Gazeteci olarak bulunduğum her ülkeyi sevdim. Hatta âşık oldum oralara. Irak’a, Yugoslavya’ya, Azerbaycan’a, Arnavutluk’a ve Afganistan’a!

Bu, mesleki açıdan bir olumsuzluk da değil. Tersine… Oralarla ilgili yazarken tek kaygım o ülkelerin ve insanlarının iyiliği oldu.

O yüzden şimdi Afganistan’ı içim acıyarak izliyorum. Bizzat tanıdığım ve tanımadığım pek çok Afgan gibi kan ağlayarak. Şimdi Afganistan’la ilgili bir yazı için düşünebildiğim en uygun başlık, Alan Paton’un Güney Afrika’nın dramını anlattığı çarpıcı romanının adı oluyor: Ağla Sevgili Memleket!

Yıllardır Afganistan haberleriyle birlikte duyduğunuz isimler oldu hep. Duya duya ezberlediğiniz isimler. Artık yeni isimler olacak ve onlar üzerinden yazılacak Afganistan’ın hikayesi. Taliban liderleri Heybetullah Ahunzade, Molla Abdulgani Baradar, Molla Yakup, Siracettin Hakkani, Vahedullah Haşimi…
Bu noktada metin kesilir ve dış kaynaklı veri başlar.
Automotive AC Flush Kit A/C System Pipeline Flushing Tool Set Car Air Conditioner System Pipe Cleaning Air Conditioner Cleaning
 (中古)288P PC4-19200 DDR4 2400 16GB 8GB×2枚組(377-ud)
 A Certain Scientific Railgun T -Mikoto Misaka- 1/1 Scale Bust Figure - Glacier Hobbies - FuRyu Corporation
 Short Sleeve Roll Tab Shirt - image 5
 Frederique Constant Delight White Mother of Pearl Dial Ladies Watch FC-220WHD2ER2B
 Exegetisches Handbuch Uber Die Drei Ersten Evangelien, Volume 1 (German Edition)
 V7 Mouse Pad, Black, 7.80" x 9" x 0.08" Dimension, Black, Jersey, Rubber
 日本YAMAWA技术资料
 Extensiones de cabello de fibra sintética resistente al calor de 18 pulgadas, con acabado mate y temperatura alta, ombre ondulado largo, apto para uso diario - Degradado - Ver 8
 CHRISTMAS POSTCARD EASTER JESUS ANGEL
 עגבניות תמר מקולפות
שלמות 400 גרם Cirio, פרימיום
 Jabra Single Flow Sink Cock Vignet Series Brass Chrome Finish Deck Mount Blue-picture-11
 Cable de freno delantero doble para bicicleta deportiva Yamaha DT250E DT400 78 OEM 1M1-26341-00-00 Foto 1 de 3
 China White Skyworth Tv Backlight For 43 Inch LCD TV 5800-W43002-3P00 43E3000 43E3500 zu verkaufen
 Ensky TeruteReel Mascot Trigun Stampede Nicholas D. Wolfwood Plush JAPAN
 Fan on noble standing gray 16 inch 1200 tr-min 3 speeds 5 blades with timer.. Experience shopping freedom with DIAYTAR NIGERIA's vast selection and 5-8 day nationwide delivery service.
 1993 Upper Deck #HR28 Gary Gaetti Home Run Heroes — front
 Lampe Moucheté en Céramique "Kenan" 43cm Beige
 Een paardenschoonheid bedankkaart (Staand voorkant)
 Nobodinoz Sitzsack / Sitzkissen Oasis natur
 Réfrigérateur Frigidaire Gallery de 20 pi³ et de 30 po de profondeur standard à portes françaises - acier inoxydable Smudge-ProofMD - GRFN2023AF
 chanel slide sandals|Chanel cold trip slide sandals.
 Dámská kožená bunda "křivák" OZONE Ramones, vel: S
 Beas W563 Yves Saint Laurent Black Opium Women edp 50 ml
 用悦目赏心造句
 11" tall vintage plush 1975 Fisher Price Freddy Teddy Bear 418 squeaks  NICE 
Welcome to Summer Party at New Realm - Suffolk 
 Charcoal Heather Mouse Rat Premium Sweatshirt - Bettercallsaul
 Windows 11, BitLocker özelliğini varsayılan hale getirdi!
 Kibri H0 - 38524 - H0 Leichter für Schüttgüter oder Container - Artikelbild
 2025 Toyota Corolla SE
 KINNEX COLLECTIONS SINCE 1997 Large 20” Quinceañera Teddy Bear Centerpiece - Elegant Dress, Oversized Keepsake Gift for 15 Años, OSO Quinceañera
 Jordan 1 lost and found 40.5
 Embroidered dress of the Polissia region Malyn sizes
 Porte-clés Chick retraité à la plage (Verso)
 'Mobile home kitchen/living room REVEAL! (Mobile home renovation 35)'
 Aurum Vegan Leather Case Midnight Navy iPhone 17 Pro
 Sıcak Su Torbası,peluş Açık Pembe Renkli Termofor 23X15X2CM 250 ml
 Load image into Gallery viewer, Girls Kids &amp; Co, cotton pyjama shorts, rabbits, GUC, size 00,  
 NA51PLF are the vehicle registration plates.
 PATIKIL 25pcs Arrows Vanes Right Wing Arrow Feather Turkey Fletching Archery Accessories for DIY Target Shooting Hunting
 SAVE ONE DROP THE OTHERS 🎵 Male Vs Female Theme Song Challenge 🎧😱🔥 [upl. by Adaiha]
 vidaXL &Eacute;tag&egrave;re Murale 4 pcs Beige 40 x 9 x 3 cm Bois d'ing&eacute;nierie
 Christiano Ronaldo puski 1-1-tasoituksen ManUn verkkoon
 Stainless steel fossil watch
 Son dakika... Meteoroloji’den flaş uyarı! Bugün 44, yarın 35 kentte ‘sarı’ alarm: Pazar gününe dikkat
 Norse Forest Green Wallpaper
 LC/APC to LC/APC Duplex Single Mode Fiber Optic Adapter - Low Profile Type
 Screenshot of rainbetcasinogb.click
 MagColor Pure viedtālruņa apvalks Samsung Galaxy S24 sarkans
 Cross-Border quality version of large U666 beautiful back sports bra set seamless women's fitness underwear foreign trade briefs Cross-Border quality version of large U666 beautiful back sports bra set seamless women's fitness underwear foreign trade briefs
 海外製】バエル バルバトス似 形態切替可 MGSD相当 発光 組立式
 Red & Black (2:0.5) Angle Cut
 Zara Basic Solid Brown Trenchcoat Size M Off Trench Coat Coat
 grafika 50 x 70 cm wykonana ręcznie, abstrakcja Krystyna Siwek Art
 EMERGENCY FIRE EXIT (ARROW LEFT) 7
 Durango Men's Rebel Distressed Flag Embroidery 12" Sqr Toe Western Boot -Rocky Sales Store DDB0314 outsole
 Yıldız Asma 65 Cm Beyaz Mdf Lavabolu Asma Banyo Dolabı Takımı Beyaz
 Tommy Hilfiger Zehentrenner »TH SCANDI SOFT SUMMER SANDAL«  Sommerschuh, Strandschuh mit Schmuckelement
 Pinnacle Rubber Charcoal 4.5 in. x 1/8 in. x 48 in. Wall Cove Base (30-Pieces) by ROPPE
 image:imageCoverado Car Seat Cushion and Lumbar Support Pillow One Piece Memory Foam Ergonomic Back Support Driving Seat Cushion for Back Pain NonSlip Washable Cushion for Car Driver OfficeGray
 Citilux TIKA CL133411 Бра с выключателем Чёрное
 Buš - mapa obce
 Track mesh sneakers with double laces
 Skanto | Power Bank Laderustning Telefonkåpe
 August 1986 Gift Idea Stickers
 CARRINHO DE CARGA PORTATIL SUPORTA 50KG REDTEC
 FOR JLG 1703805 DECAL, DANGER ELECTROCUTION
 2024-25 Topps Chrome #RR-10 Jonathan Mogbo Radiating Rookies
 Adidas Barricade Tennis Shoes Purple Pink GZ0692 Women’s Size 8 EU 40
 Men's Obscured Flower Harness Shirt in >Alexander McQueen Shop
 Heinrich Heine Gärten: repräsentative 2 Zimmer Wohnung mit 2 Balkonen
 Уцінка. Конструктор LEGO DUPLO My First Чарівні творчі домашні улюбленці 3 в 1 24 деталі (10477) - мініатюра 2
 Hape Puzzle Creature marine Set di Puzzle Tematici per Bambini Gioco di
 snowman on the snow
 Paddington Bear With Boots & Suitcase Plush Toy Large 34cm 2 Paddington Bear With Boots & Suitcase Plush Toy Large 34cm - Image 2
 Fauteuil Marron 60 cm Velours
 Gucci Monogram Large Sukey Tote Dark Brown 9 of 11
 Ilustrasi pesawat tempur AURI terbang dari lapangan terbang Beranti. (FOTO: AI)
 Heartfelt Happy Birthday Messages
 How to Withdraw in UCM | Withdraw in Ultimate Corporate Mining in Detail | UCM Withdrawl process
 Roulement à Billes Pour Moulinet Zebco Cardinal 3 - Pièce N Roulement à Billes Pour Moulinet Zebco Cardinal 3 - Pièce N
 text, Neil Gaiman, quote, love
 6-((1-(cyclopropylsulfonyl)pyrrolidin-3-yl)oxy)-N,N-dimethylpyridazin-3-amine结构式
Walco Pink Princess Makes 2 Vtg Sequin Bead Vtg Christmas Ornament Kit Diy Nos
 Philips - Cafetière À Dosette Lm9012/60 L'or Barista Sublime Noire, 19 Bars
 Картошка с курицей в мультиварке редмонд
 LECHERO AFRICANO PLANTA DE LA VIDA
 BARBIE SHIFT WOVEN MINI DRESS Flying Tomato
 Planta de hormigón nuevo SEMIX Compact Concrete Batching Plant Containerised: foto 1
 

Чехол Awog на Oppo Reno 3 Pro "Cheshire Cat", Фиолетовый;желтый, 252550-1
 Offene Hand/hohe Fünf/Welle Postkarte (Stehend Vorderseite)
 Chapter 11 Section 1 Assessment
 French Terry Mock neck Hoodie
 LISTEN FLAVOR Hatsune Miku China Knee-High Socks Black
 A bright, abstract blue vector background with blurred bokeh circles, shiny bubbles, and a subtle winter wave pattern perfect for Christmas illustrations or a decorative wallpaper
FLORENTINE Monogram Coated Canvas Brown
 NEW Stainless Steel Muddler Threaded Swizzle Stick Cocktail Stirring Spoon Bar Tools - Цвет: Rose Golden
Ama o U.S. Air Force uçağının iniş takımlarına sarılanlar. Vücutlarının bir parçasını uçakta bırakıp, gökyüzünden yere çakılanlar. Onların isimlerini hiç bilemeyeceğiz. Oysa, Afganistan’ın hikâyesi asıl onların hikayesi. İnfaz edilen gazetecilerin, boğazlanan komedyenlerin, malum bir kaderi yaşamasınlar diye bebeklerini tel örgüler üzerinden yabancı askerlere atanların, kadınların hikâyesi…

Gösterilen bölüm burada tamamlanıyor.